昨今、正義を正面から問い直す姿勢が若い人たちに受け入れられている。
精神科病院にとって正義とは何か。問われるまでもなく、受診患者とその家族を真の受益者とすることであろう。
これは青臭い理想主義を述べているのではない。
病院組織が内外の危機によって揺るがされたとき、何を残して何を捨て、どこに向かうのかという問題、すなわち危機管理の中心に置くべき原理である。
以下、この原理をとらえなおすために、精神科病院を巡る歴史的経緯を少し振り返ってみたい。
『坂の上の雲』の最終章に近い「宮古島」の章に次のような挿話がある。
バルチック艦隊の艦影を見たという民間人の情報を、宮古島の協力者5名が石垣島の電信所まで運ぶことになった。
海上170kmを手漕ぎのボートで15時間かけて渡らなければならない。
5名は篤志でこれを行い、情報を中央に伝達したというのである。司馬遼太郎はこの事実を「国家の重さに対する無邪気な随順心をもった時代」の話とした。

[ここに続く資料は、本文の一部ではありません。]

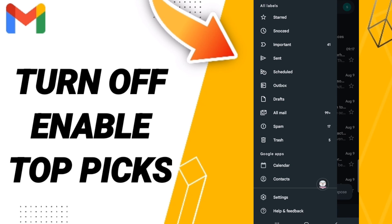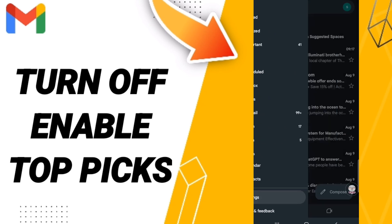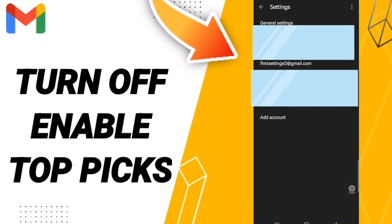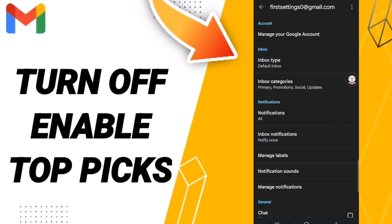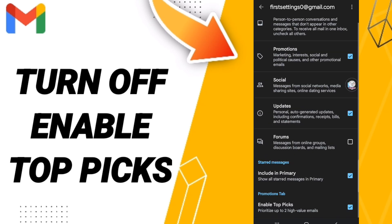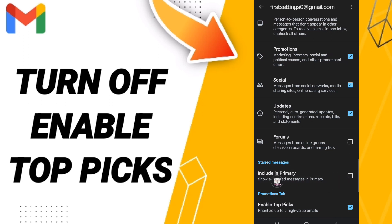In this list, click Settings. After that, in this page you will enter your Gmail. Then in this list you will go to Inbox Categories, and click on this toggle. If the sign changes, you have successfully turned off Include in Primary on the Gmail app.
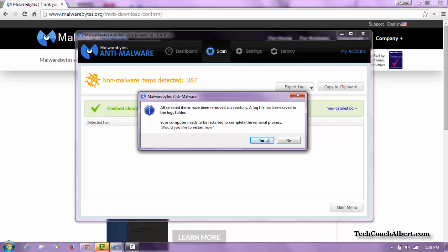And that completes our installation, setup, scanning, and beginner's guide tutorial for Malwarebytes Anti-Malware. I'd like to thank you for watching our video, and hopefully you'll visit us over at the blog soon. Let us know what you thought about the video in the comments below. Don't forget to hit the subscribe button, and leave us a comment on our blog too. We'd love to see you over there. Thanks, have a good day.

あくまで私の個人的歴史認識なのだが、戦前期の精神科病院は、上記のような「国家」のための施設として存在したと考えている。
当時、癲狂院や脳病院と呼ばれていたものは、主務官庁である内務省のもと、医療よりも収容を第一義とした施設であったのではないか。
昭和13年に厚生省が内務省から独立したのちも「精神病」は内務省が管轄しつづけた。
昭和22年に同省が解体し、精神科病院は厚生省に移管された。ここではじめて、精神科病院は国民のための存在となったといえるだろう。
終戦後、新憲法のもとで労働運動が合法化され、昭和20年代末頃から病院労働者たちの待遇改善 要求が日の目を見ることとなった。
彼らもまた、踏まれることの痛みを知る人々だった。うねりは高度成長期の精神科病院を席巻した。
くりかえす争議を経て、労働者と経営者が半永続的な妥協点に至った病院もあったことだろう。
それは、精神科病院が収容施設として機能していた 時代の開設者の権益を認める代わりに労働者の待遇の安定を保証する、
という内容を含んでいたのではないか。
非公式で、ときとして暗黙の、封建的関係にも似た合意だったかも知れないが、もとより、
良い労働環境がなければ良い治療環境は得られない。のちに問題を残しながらも、
不毛な闘争をくりかえす愚を避けたという点だけは評価に値する。
この時代、精神科病院の受益者として、開設関係者に病院労働者が加わった。
その後のことは、まだ十分な歴史になっていない。
以上は、地方都市に戦前から続く精神科病院の現場で30年間働いてきた当事者である私が、
肌で感じてきた現場の空気、その違和感のようなものを、自分の感覚にしたがって解釈したものである。
実際、このような仮説を立てなければ説明できないような不思議な現象を、特に人事において、何度も目の当たりにしてきた。
20数年前、統合失調症の研究で高名な精神科医師に会った。
駆け出しの私はその医師を、ひそかに師と仰いでいた。なぜ先生は統合失調症を研究されているのですか、という私の稚拙な質問に師は答えた。
「統合失調症患者に食わせてもらってますから」と。
このときのやりとりが、その後の私の職業倫理の根底にあり、私に今この文章を書かせている。
私には、他の仕事をする才覚も意志もない。
あるべき受益者のもとに正当な利益が還元されるために身の丈いっぱい働く。私の仕事は、それ以上でも以下でもない。
健康が与えられている限り、現場に身を置きつづけることは天命であると任じている。